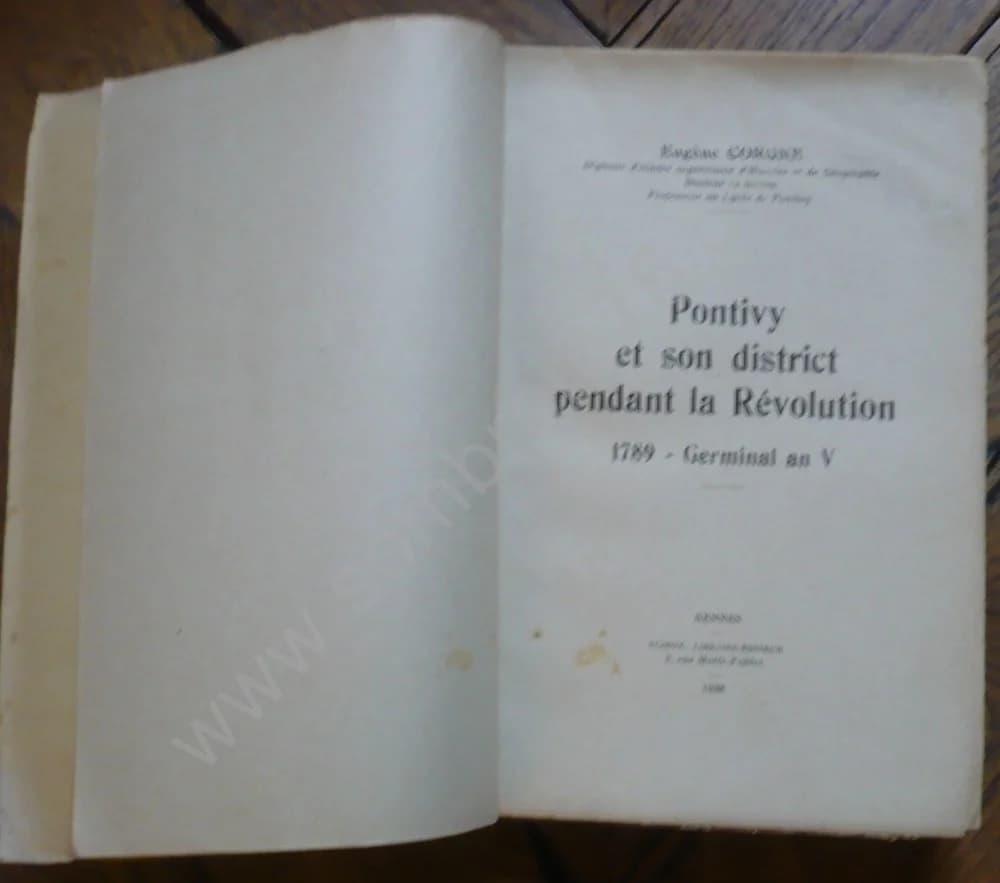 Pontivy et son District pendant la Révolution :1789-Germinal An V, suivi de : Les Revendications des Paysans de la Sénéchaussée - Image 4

■ ■ ■ ■

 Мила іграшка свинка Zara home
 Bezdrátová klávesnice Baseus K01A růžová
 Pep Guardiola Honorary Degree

■ ■ ■ ■

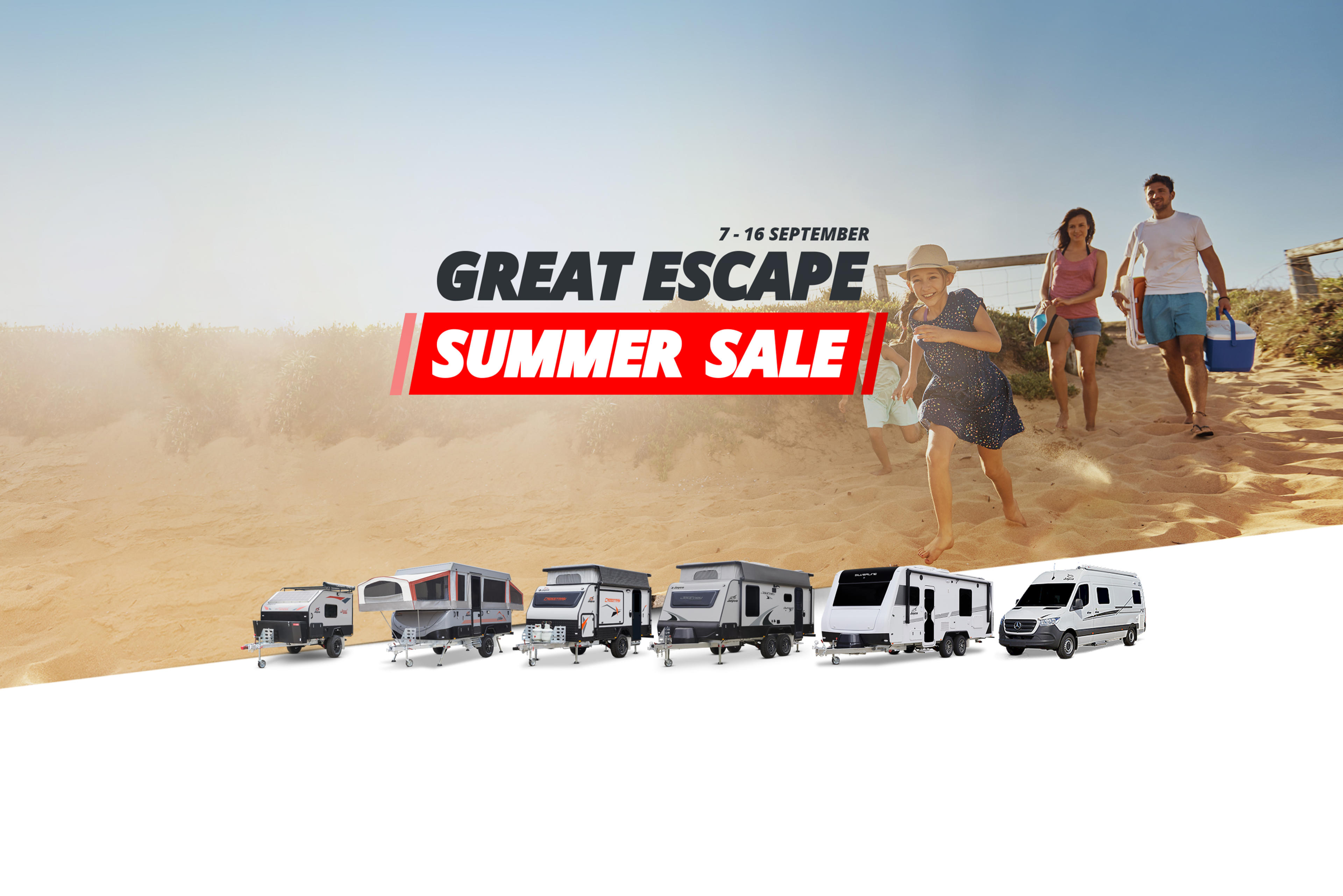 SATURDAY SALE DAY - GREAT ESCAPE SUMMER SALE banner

■ ■ ■ ■

Work order: Everything above from the line with "Мила іграшка свинка Zara home" to the line with "Pep Guardiola Honorary Degree", both included, must be repeated exactly, and nothing outside that range.

Final answer:
 Мила іграшка свинка Zara home
 Bezdrátová klávesnice Baseus K01A růžová
 Pep Guardiola Honorary Degree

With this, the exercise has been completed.